What needs to be done ::
Copy each line in the data that includes the word "Black".

Data ::
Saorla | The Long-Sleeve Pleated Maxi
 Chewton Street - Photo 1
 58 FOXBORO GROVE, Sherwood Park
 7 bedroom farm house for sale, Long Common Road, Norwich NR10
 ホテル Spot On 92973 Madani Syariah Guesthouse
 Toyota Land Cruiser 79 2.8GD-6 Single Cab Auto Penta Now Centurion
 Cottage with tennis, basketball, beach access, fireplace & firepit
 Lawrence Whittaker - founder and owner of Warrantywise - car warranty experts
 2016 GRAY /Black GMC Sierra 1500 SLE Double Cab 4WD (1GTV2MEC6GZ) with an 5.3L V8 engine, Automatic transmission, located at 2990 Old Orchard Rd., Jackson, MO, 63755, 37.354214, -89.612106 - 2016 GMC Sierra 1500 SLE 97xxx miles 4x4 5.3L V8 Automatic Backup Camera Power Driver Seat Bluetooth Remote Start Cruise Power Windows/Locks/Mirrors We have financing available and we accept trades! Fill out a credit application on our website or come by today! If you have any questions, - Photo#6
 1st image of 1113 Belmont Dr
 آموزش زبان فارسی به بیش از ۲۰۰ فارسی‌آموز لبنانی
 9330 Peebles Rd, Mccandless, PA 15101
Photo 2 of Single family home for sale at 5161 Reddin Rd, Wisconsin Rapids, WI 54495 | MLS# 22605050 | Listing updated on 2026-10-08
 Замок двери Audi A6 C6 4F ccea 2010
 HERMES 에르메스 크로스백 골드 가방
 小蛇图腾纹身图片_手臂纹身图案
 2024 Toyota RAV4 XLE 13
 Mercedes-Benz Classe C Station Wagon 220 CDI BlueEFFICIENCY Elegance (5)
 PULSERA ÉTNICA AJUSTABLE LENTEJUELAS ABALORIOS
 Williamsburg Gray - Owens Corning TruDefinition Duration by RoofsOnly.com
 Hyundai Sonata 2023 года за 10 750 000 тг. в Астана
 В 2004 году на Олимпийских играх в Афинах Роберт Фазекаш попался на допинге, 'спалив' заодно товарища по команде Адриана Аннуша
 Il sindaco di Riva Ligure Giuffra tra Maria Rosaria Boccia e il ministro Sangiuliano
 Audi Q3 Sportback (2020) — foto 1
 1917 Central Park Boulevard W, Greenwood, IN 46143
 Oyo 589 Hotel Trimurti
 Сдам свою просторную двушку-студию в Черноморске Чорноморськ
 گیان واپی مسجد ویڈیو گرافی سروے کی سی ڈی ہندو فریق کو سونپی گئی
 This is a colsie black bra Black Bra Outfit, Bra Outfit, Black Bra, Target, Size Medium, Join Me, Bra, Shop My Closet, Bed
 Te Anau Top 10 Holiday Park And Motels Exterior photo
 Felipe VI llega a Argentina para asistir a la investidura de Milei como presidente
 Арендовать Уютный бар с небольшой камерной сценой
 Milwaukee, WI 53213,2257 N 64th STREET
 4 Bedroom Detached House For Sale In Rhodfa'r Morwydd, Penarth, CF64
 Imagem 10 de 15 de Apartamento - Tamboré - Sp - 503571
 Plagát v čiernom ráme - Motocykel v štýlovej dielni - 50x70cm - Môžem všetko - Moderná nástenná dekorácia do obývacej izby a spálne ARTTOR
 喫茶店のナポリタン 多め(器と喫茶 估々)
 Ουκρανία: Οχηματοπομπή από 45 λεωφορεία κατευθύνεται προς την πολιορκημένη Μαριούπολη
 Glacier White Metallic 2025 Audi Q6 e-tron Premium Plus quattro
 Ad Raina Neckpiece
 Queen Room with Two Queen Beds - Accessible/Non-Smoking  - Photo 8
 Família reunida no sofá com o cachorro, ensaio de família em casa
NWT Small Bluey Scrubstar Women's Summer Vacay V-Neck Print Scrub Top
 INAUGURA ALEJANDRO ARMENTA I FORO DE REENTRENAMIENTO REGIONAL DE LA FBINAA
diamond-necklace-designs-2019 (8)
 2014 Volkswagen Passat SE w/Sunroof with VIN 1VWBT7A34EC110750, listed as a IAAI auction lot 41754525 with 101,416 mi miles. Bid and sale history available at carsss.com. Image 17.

Solution below ::
 2016 GRAY /Black GMC Sierra 1500 SLE Double Cab 4WD (1GTV2MEC6GZ) with an 5.3L V8 engine, Automatic transmission, located at 2990 Old Orchard Rd., Jackson, MO, 63755, 37.354214, -89.612106 - 2016 GMC Sierra 1500 SLE 97xxx miles 4x4 5.3L V8 Automatic Backup Camera Power Driver Seat Bluetooth Remote Start Cruise Power Windows/Locks/Mirrors We have financing available and we accept trades! Fill out a credit application on our website or come by today! If you have any questions, - Photo#6
 This is a colsie black bra Black Bra Outfit, Bra Outfit, Black Bra, Target, Size Medium, Join Me, Bra, Shop My Closet, Bed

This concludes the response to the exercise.